Ia mengaku, PPATK sudah menandatangani nota kesepahaman dengan Komisi Pemilihan Umum (KPU), Badan Pengawas Pemilu (Bawaslu),  Komisi Penyiaran Indonesia (KPI) dan KPK yang tergabung dalam gugus tugas dan informasi pemilu.

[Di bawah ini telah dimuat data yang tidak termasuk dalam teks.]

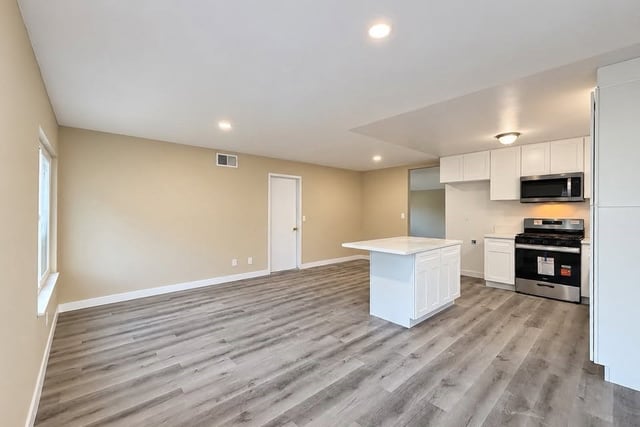 44721 Benald Street, Lancaster, CA 93535 — photo 8 of 42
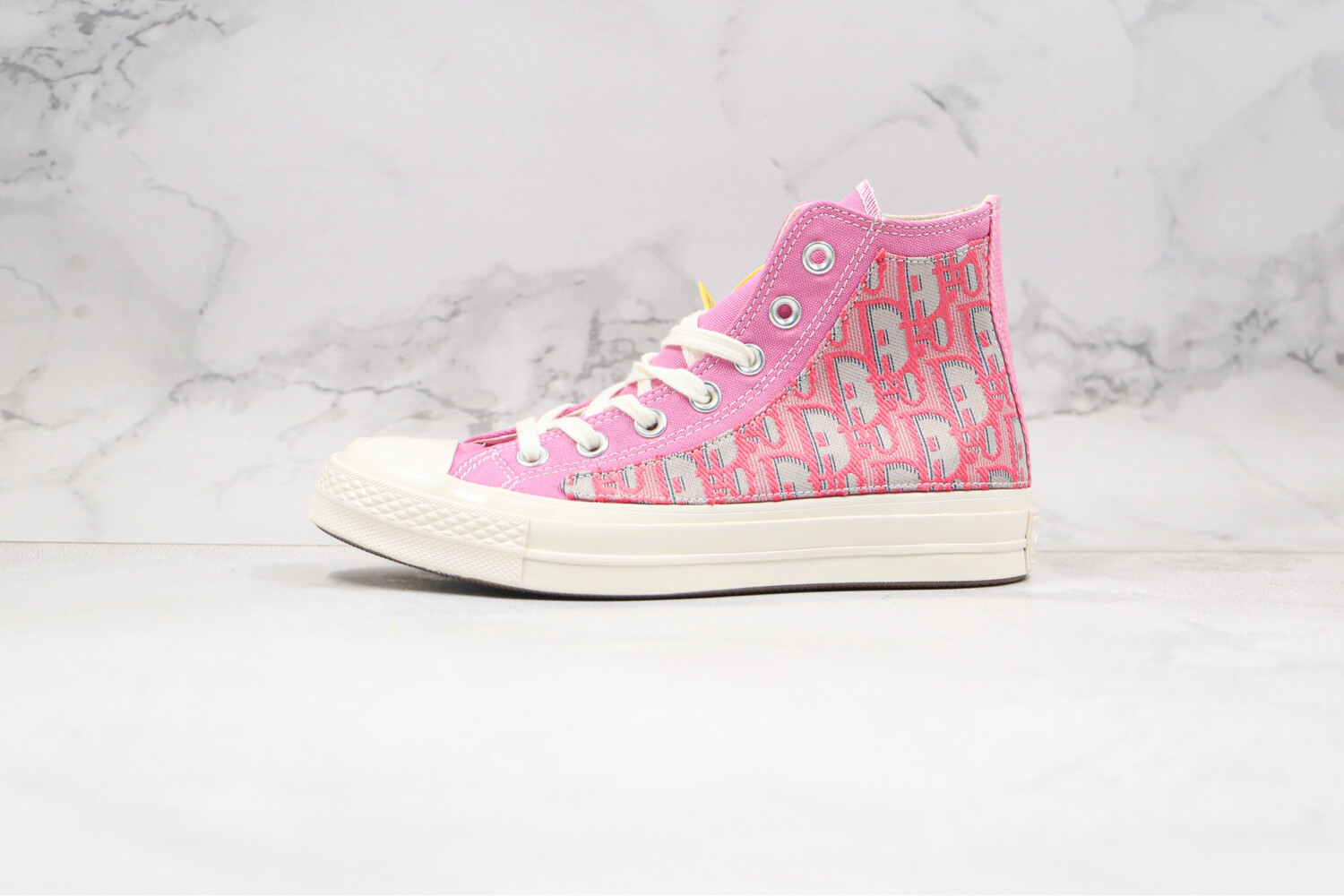 Converse  Dior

Menurut Peneliti Indonesia Corruption Watch (ICW) Donald Faridz, ketentuan politik uang diatur dalam UU Nomor 8 Tahun 2012 Tentang Pemilihan Umum Anggota Dewan Perwakilan Rakyat, Dewan Perwakilan Daerah, dan Dewan Perwakilan Rakyat Daerah (UU Pileg). Sedangkan implikasi pelanggaran politik uang tertuang dalam Pasal 220 Ayat (1): ‘Penggantian calon terpilih anggota DPR, DPD, DPRD provinsi, dan DPRD kabupaten/kota dilakukan apabila calon terpilih yang bersangkutan: a. meninggal dunia; b. mengundurkan diri; c. tidak lagi memenuhi syarat menjadi anggota DPR, DPD, DPRD provinsi, atau DPRD kabupaten/kota; atau d. terbukti melakukan tindak pidana Pemilu berupa politik uang atau pemalsuan dokumen berdasarkan putusan pengadilan yang telah memperoleh kekuatan hukum tetap.

"Penggantian calon terpilih anggota DPR, DPD, DPRD provinsi, dan DPRD kabupaten/kota bisa dilakukan apabila calon terpilih yang bersangkutan terbukti melakukan tindak pidana pemilu berupa politik uang," ujarnya beberapa waktu lalu.